In response to my post regarding professors and the perceived disparity between their levels of educational attainment versus income (what I called “class envy”), a reader maks a good point:
It is my experience that the broad group of the professoriate is not nearly as smart and worthy as they think they are. Judged in the market, they are not as well rewarded, materially, as they think they deserve. There is not nearly the real demand for the services they provide, and too many candidates (labor pool) to keep salaries which will keep people at a level to which they would like to become accustomed. Combined with the desire and ability for the landed professorial gentry to manage entry into their ranks, the rich get richer, and the fellow goes to the wall, so to speak.
This is so very true and also applies to the very large, very wide world of the political and nonprofit classes.

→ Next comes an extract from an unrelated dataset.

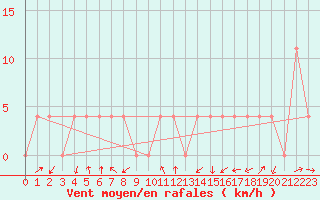 Courbe de la force du vent pour Aflenz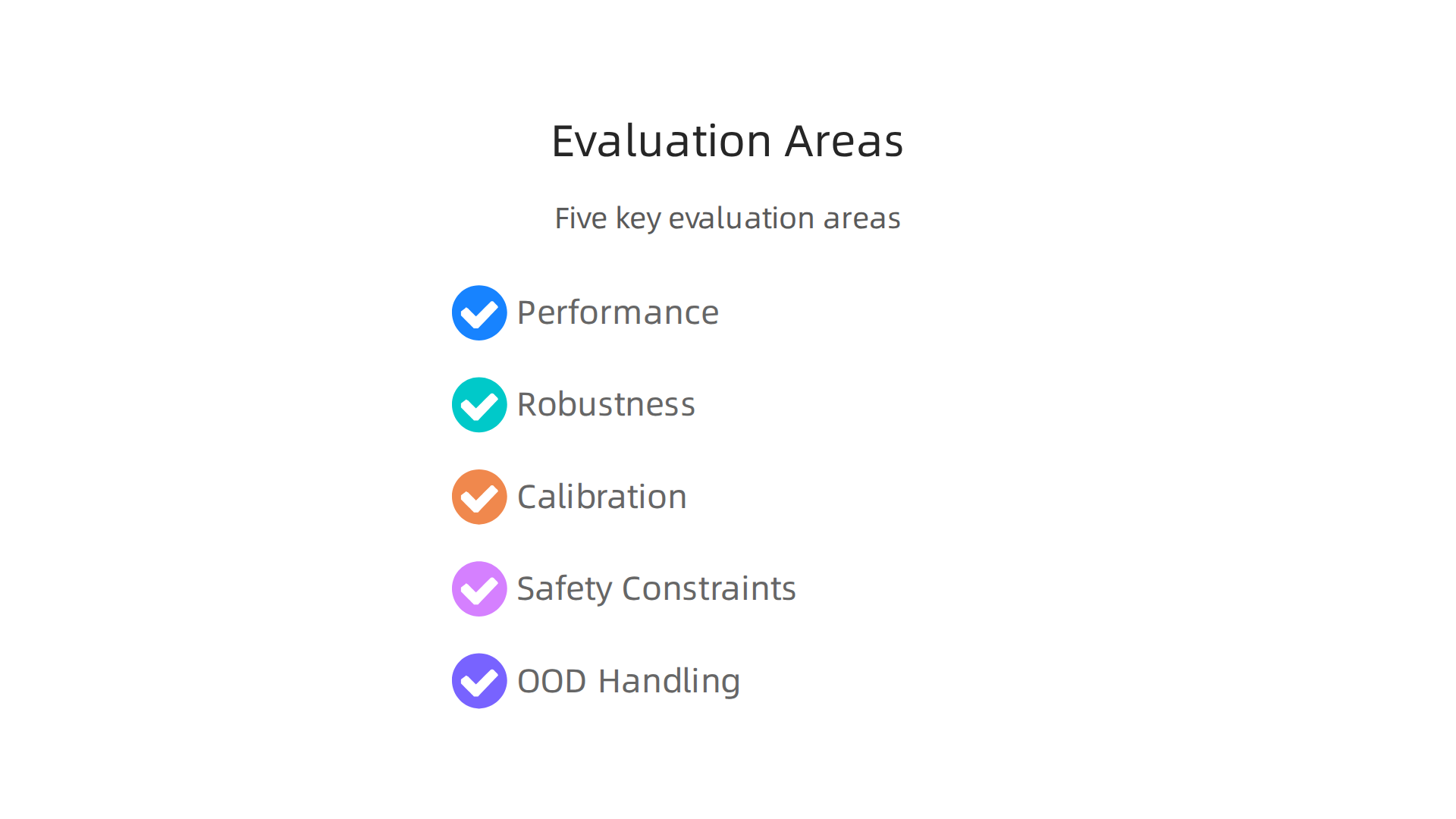 Five main areas to evaluate for dependable AI systems.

Until one actually swims in the streams of the academy or advocacy world, it’s tough to imagine how many professors and activists genuinely seem to believe that they’ve bypassed untold riches in their pursuit of virtue. The reality is that their skills and abilities often don’t translate well to world of true high-earners, and the public sector — broadly — is more lucrative than the private sector.
In actuality, a tenured English professor makes more money than the vast majority of Americans, has more job security than anyone this side of the federal judiciary, and still feels aggrieved, under-appreciated, and angry at the capitalist world that relegates him to his nice house, nice cars, and supreme economic stability.